Ischemic insult leads to severe disturbance in the
energy metabolism and general mitochondrial functions,
such as mitochondrial protein synthesis and inhibition of
respiratory chain complexes. Mitochondrial dysfunction
is considered one of the key events in ischemic neuronal
cell death, because of its capacity of releasing apoptogenic
proteins. As shown in this laboratory by Racay et al.
(2007, 2008, 2009), IP affects ischemia-induced dysfunction of hippocampal mitochondria in two different ways.
Similar to global proteosynthesis, IP also attenuated the
repression of mitochondrial translation induced during
reperfusion time in hippocampus. However, the activity
of respiratory complex IV was protected by IP only
slightly and the activity of complex I remained depressed.

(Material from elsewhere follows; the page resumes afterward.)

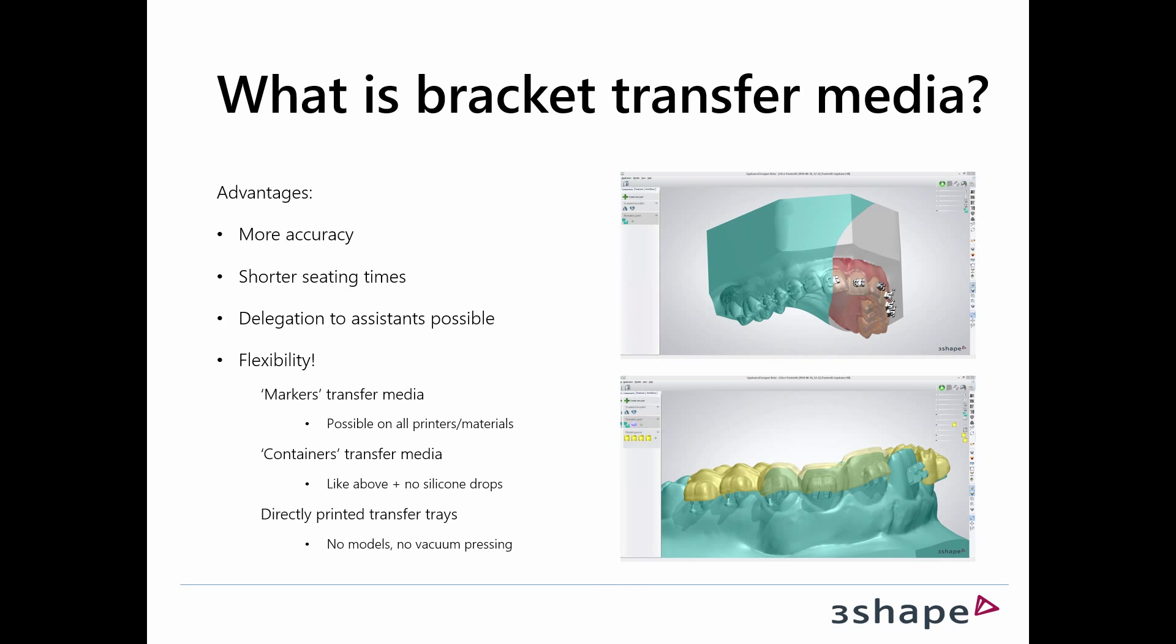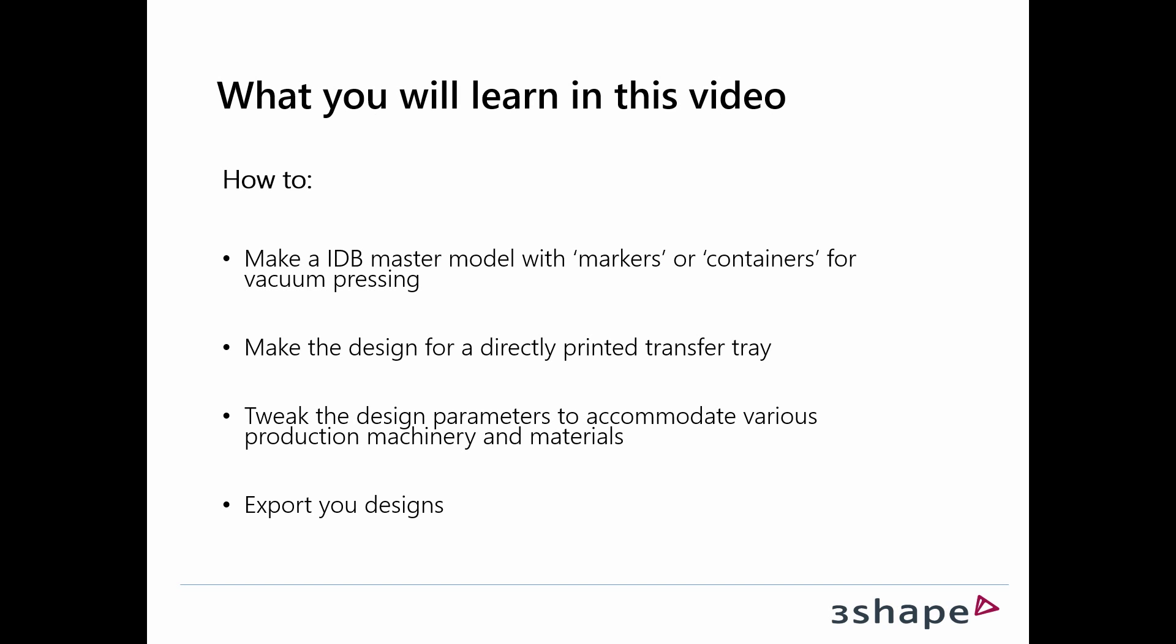You will learn to make these traditional models that you use as a basis for your vacuum pressing, and we will learn how to make a directly printed transfer tray that would circumvent these previously mentioned elements. We will also look at what possibilities we have to adjust the designs to meet the requirements from various machinery and materials.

Despite this, IP partially reduced changes in the integrity
of the mitochondrial membrane, as shown by fluorescent
probe measurement. Apoptotic changes initiated by ischemic insult in the CA1 sector of the hippocampus were
detected by the Fluoro-Jade C staining, detection of the
genomic DNA breaks, translocation of apoptoptic proteins
p53 and Bax. Interestingly, preconditioning abolished mitochondrial apoptosis initiation and translocation of p53
protein largely in the hippocampus but not in the cerebral cortex. The results indicate that both the initiation
and execution of mitochondrial apoptosis can be abolished by preconditioning in the CA1 hippocampal sector
(Racay et al., 2008, 2009).
Ischemic postconditioning is a phenomenon that intermits interruptions of blood flow in the early phase of
reperfusion which can protect an organ from ischemia/
reperfusion injury. These brief periods of ischemia performed just at the time of reperfusion can reduce the
volume of injured tissue. This ‘‘rapid’’ postconditioning is
an effective protective treatment in the case of a heart
infarct (Zhao et al., 2003; Galagudza et al., 2004; Kin
et al., 2004), ischemia of liver (Sun et al., 2004), kidney
(Liu et al., 2007), muscles (McAllister et al., 2008), skin
(Moon et al., 2008) as well as intestinal mucosa (Santos
et al., 2008).
In the CNS, postconditioning increases the neuronal
survival rate and decreases the size of an infarct area
after transient global cerebral ischemia (Pateliya et al.,
2008; Wang et al., 2008), focal ischemia (Zhao et al.,
2006; Xing et al., 2008), spinal cord ischemic injury and
is effective in a rat hippocampal slice model of cerebral
ischemia, too (Scartabelli et al., 2008). Gao et al. (2008)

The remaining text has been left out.